Novel cross correlation technique allows crosstalk resistant reflex detection from surface EMG.

Annu Int Conf IEEE Eng Med Biol Soc 2012 ;2012:3531-4

Integrative Neuroscience group within Centerfor Sensory-Motor Interaction (SMI), Department of Health Science and Technology, Aalborg University, Fredrik Bajers vej 7, Aalborg Øst, Denmark.

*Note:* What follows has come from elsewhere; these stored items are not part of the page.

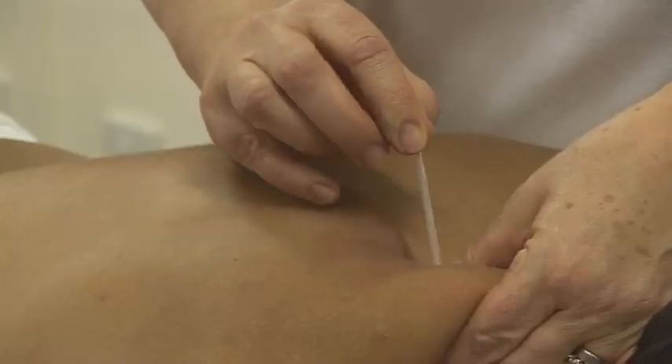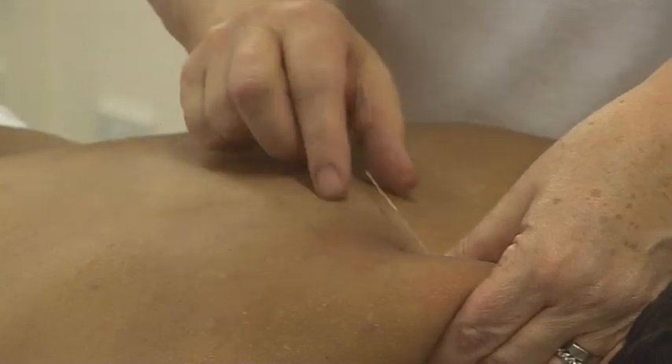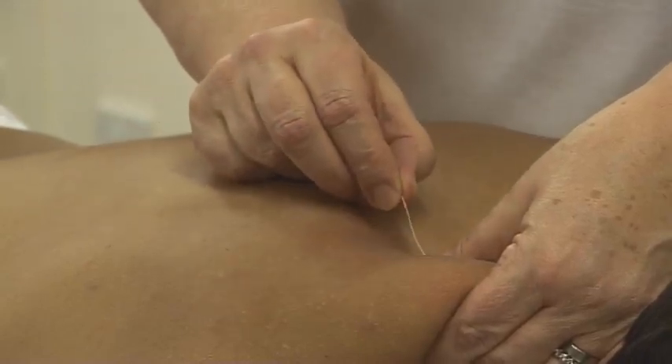When needling this trigger point, it is important to keep hold of the muscle at all times in order to avoid any possibility of puncturing the apex of the lung.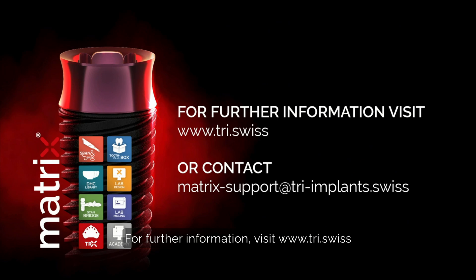For further information, visit TRI.swiss or contact our matrix support team at matrix.support@TRIimplants.swiss.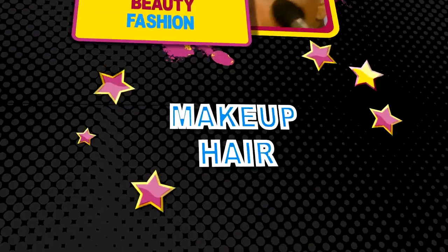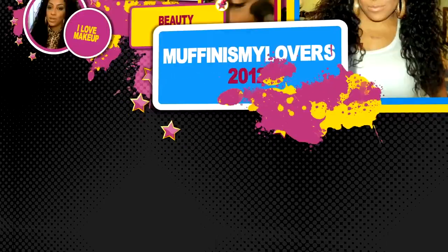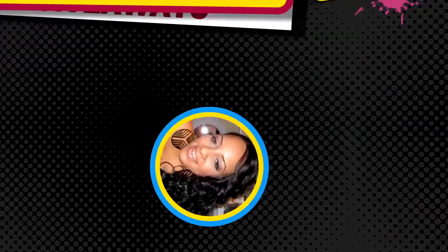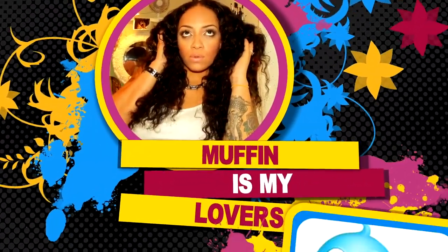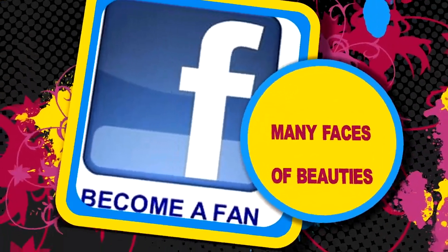What's up divas and divos? It's your girl April. You guys already know what time it is — it's time for an affordable hair video.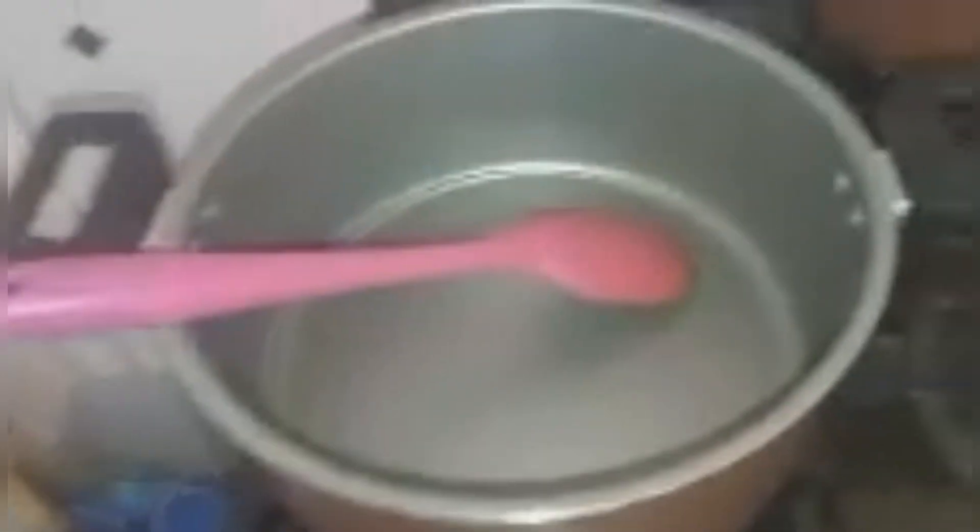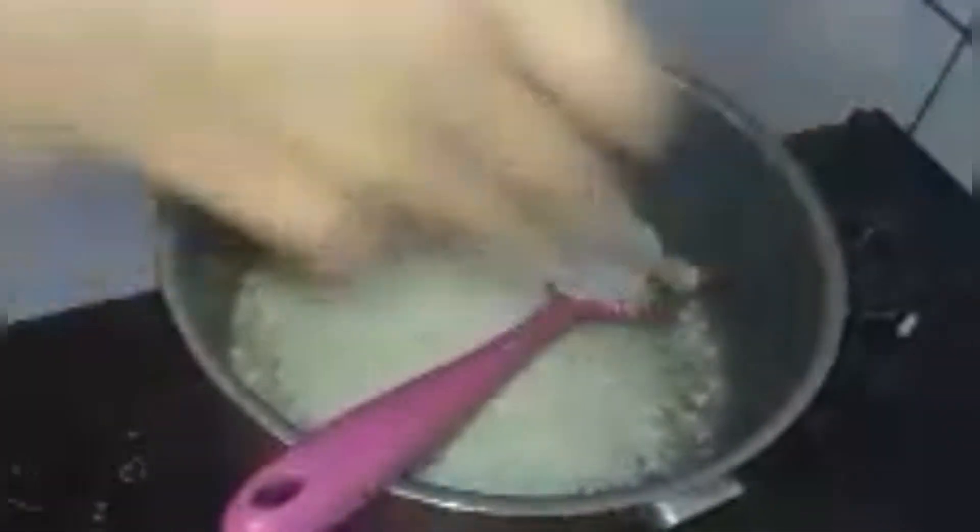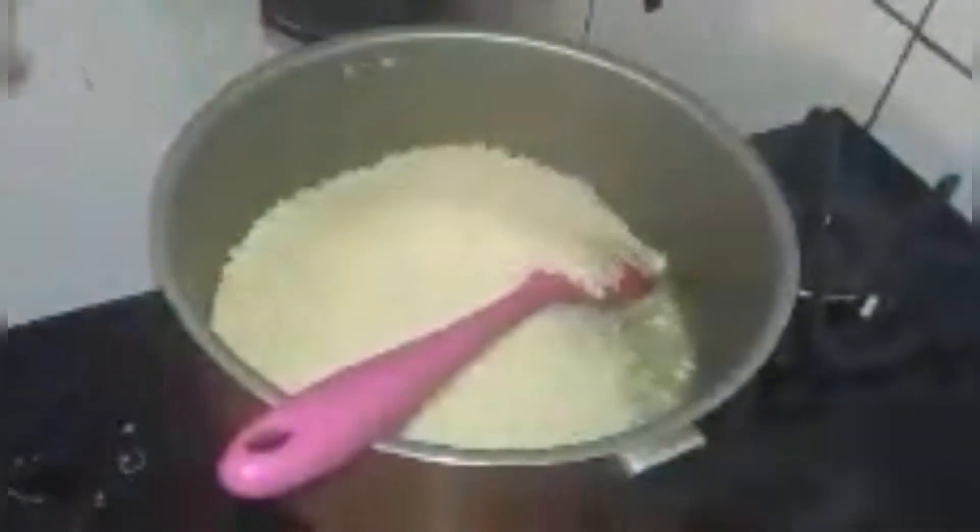Já coloquei o óleo aqui, bem pouquinho, porque essas panelas não precisam muito de óleo — ela é antiaderente. Esse fogão é muito bom, rapidinho ele prepara a comida. Aí eu botei o alho aqui do arroz. Eu não lavo arroz não — antes eu lavava, agora não lavo mais. Só bota assim mesmo e fica muito bom. Vejo um monte de YouTube que faz arroz assim também. Comente aí embaixo se vocês lavam arroz ou não.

Existing methods for withdrawal reflex detection from surface electromyography (sEMG) do not consider the potential presence of electrical crosstalk, which in practical applications may entail reduced detection accuracy. This study estimated muscle fiber conduction velocities (CV) for the tibialis anterior (TA) and soleus (SOL) muscles of both genuine reflexes and identified crosstalk, measured during antagonistic reflex responses. These estimations were used to develop and assess a novel method for reflex detection resistant to crosstalk. Cross correlations of two single differential (SD) sEMG signals recorded along the muscle fibers were performed and two features were extracted from the resulting correlograms (average CV and maximal cross correlation). Reflex detection based on evaluation of the extracted features was compared to a conventional reflex detection method (thresholding of interval peak z-scores), applied on both SD and double differential (DD) sEMG. Intramuscular electromyography (iEMG) was used as validation for reflex detection. Apparent CV due to electrical crosstalk alone were more than one order of magnitude higher than CV estimated for genuine reflexes. Conventional reflex detection showed excellent sensitivity but poor specificity (0.19-0.76) due to the presence of crosstalk. In contrast, cross correlation analysis allowed reflex detection with significantly improved specificity (0.91-0.97). The developed methodology may be readily implemented for more reliable reflex detection.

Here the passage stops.